What you have to do: Please reproduce the line containing "Woman Embracing Man — Green" and every line after it in the records below, exactly and with nothing else.

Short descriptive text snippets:
####################
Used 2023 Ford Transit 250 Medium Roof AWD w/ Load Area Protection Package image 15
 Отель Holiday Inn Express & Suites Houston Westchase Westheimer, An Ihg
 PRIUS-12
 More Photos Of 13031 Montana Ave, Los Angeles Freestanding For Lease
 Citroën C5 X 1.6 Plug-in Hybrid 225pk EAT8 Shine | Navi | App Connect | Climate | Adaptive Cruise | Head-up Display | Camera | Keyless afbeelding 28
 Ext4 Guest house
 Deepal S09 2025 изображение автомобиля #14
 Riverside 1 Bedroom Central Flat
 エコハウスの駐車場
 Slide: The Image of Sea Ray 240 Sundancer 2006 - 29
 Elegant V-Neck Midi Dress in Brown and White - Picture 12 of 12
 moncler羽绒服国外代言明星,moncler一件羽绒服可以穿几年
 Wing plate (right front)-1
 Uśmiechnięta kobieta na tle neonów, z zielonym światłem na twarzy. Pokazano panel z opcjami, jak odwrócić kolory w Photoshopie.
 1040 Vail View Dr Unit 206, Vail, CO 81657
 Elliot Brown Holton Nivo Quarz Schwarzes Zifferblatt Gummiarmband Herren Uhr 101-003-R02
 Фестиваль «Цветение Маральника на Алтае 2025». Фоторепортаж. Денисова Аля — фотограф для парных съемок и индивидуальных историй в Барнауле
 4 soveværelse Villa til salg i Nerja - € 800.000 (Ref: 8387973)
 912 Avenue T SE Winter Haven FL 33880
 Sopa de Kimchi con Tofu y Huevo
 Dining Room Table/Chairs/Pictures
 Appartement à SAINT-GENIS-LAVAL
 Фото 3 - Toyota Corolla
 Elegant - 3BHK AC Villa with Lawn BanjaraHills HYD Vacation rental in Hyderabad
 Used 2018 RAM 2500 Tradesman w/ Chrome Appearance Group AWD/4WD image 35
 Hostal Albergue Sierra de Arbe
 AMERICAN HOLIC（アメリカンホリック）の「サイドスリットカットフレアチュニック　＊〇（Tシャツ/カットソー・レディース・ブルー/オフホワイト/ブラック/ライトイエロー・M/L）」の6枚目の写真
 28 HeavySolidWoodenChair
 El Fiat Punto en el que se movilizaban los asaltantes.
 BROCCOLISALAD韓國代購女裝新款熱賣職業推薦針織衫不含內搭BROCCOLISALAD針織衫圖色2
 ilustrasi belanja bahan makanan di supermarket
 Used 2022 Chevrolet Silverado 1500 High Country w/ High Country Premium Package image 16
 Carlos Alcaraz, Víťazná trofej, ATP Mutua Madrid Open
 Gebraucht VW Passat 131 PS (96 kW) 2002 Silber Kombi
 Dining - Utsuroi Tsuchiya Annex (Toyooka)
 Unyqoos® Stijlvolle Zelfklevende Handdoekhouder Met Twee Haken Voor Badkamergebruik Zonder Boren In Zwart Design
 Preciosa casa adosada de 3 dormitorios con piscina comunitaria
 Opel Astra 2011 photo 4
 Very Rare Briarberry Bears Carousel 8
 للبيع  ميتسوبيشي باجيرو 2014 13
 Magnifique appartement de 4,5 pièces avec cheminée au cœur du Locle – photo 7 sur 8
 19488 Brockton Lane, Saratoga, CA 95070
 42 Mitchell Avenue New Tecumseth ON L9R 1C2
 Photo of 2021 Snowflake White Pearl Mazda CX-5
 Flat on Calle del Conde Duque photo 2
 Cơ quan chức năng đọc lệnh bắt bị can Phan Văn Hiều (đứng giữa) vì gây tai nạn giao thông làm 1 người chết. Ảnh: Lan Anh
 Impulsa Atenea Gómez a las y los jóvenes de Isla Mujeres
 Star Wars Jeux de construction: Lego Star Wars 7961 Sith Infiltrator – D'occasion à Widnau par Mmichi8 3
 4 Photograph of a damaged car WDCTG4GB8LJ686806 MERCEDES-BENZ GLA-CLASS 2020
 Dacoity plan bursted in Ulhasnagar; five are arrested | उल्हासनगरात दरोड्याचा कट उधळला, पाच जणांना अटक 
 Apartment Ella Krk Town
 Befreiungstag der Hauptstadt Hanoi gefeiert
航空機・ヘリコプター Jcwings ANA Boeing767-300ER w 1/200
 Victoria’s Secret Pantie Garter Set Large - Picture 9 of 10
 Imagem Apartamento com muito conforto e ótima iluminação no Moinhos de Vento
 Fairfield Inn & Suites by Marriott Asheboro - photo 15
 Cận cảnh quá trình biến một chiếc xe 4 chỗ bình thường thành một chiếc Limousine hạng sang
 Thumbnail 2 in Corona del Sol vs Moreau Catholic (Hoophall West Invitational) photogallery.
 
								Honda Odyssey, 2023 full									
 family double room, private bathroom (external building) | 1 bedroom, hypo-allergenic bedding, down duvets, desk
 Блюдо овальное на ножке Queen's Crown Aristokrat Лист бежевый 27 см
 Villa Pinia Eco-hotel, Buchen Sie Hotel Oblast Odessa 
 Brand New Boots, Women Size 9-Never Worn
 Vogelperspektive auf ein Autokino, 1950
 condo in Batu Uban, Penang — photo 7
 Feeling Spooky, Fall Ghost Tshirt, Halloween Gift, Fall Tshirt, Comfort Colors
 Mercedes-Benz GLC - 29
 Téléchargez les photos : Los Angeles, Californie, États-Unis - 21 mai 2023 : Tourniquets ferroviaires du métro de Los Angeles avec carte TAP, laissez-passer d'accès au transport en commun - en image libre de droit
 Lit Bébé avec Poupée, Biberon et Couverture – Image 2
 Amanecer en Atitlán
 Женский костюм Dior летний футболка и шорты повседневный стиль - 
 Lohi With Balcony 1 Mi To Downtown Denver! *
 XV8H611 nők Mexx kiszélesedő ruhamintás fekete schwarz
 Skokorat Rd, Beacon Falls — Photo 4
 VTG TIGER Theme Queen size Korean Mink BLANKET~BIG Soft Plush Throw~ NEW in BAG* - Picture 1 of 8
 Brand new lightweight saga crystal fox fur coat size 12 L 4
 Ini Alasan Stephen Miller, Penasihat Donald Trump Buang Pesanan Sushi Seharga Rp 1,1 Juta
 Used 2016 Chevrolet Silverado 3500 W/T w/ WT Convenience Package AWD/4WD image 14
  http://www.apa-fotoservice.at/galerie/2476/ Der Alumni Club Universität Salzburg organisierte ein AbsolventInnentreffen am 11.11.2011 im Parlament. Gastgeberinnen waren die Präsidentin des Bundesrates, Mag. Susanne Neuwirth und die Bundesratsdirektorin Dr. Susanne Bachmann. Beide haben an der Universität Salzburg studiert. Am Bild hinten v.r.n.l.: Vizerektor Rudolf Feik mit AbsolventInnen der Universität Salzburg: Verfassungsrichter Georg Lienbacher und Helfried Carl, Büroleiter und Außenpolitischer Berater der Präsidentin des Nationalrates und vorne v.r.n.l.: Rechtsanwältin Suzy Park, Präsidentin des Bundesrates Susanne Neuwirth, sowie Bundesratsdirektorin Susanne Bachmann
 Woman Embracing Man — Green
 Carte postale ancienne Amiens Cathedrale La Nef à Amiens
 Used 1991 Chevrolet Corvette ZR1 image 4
####################
Response:
 Woman Embracing Man — Green
 Carte postale ancienne Amiens Cathedrale La Nef à Amiens
 Used 1991 Chevrolet Corvette ZR1 image 4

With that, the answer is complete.